Designing a Stable Map

Hellscrag writes: Sound BSP has really to be "designed in" to be effective. Sometimes semisolids can be used as a quick-fix in a largely solid map, but things are much more reliable if you do it the other way around - use plenty of semis and try turning them solid if you have problems.

  • Avoid bad geometry (polys that are "bent", not flat) and don't go overboard with intersecting complex shapes as this can cause bad geometry, which cannot later be repaired without recreating the whole brush set.
  • Strictly structural geometry, and anything that is to be subtracted out of, should be solid.
  • All decoration brushes that aren't subtracted out of should be semisolid, UNLESS it is touching a zone portal when it should ALWAYS be solid (portals plus semis = BSP hell, for some reason).
  • If you do have a decoration involving an additive and a subtractive, intersecting the lot and re-adding it as a semisolid is often beneficial as long as it is not too complex.
  • Provide plenty of sensibly placed zone portals. Bear in mind that zones must always be sealed off completely from other zones (a portal by itself does nothing but slow things down if the spaces are joined around it). Also, unnecessarily large zone portals can cause more lag than they solve (this is why most people don't bother with CloudZones in the sky).
  • When the decorative brushes in your world are all semisolid, all BSP work becomes more reliable as there isn't such a crazy mess of BSP cuts splintering throughout the map. Semis don't make BSP cuts into other brushes. If in this situation you do get a BSP hole, turning certain semis in the vicinity solid CAN make a difference, as it cuts the BSP differently in the immediate area.
  • Don't deintersect your semisolid decorations against the world. As they don't make cuts, it's far better to leave them as simple as possible. This also allows you to move and reuse them more easily.
  • If almost everything in the map is solid, however, making one or two decorations semisolid is far less reliable a way to fix BSP errors, since the messy BSP your majority of solids will have created is far more unpredictable.
  • Try to order all zone portals to last and transform them permanently to reduce zone leakage.

Visual Example

Triskaden Station central area

In this image, the only solid geometry in view is the donut-shaped structure, which is subtracted out of. Boulders, beams, railings etc are all semisolid. Tarydium crystals are non-solid so as not to cast shadows. BSP trouble in this area was minimal.

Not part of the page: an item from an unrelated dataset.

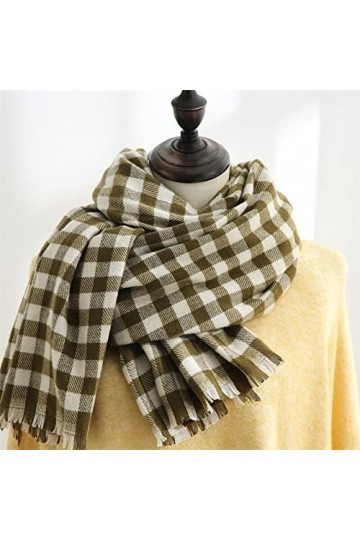 Foulard Femme Cheveux Echarpe Soie Dames Design Classique Style Littéraire Plaid Filles Écharpe Longue Épaisse Vert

Avoid overlapping BSP operations where possible

Techno_JF adds: There's something else that I'm surprised nobody has mentioned yet. For some reason, it's common to cause BSP errors by repeatedly adding and subtracting new geometry over a single area. If too many brushes occupy a given region, then it's bound to crop up an error at some point. I think it has to do with brush order issues, but I'm not exactly sure.